We also know that land use has a profound impact on the climate crisis. Ironically, BIPOC farmers’ historical lack of access to chemicals and large machinery has contributed to many farmers’ current engagement with regenerative agricultural practices, which have proven long-term climate benefits. The environment is also crucially tied to the ability of BIPOC communities to farm. Chemicals and toxic waste have always been unfairly dumped into poor neighbourhoods, and the ability of the people there to take care of the earth is crucial to both climate justice and racial equity. “We’ve never had a chance to be part of the environment; if farming is the way to do it, then we have to do it,” says Raiford.

Recent developments like public land leasing in Washington State, cooperative solutions designed and led by the Federation of Southern Cooperatives, and land trusts such as the Northeast Farmers of Colours Land Trust support natural land-use practices such as agroforestry and crop rotation. Is there potential to model national land policy around these solutions?

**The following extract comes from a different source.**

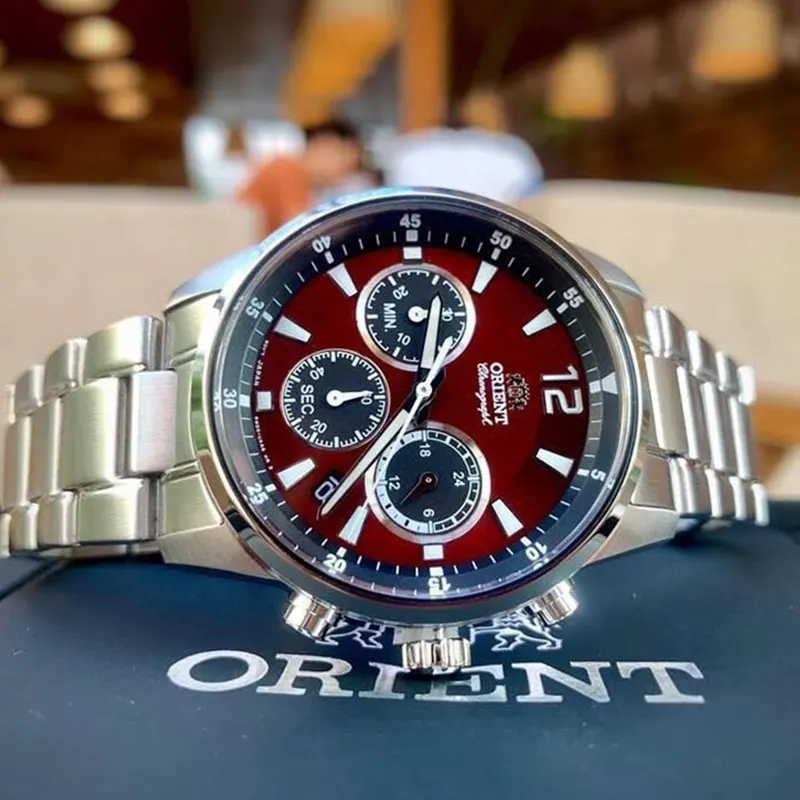 Orient Sports Chronograph Maroon Dial Men's Watch | RA-KV0004R10B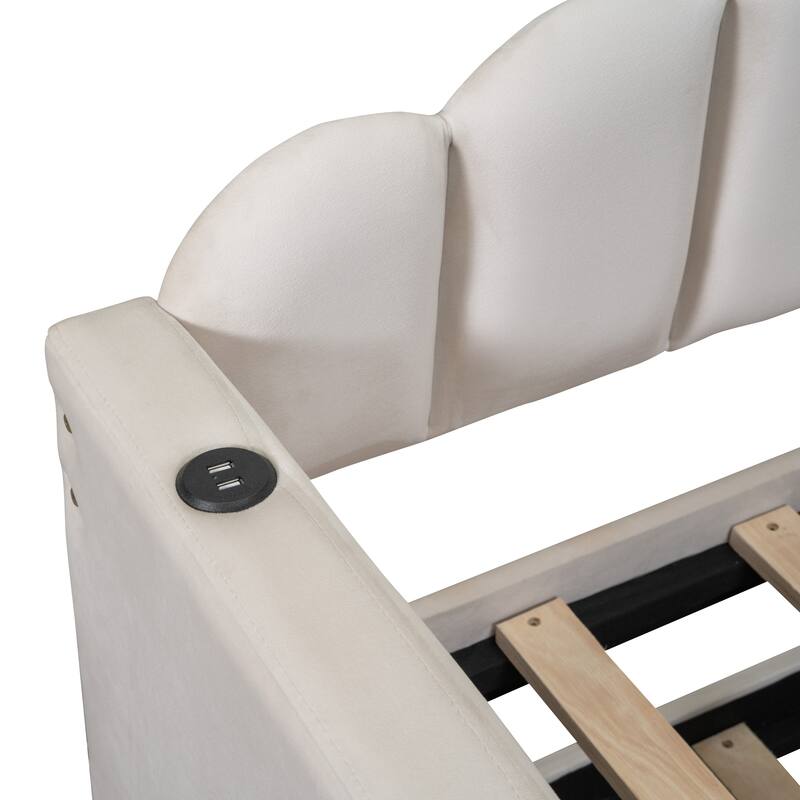 Twin size Upholstered Daybed with Trundle ,Velvet Sofabed with USB Charging Ports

These debates are clearly front and centre in President Joe Biden’s administration, as he is ramping up debt relief for Black farmers.

Ironically, Raiford often spoke to me about Black folks leaning on ancestral knowledge about farming and being open to learning from “your own people: learning from nana, not a book.” And yet, Bress ‘N’ Nyam is both.

I highly suggest that anyone interested in American history—or who wants new, delicious meals—read Bress 'n' Nyam: Gullah Geechee Recipes from a Sixth-Generation Farmer, which documents and shares recipes from a long line of Black farmers, marking their journey after the Great Migration back to their land.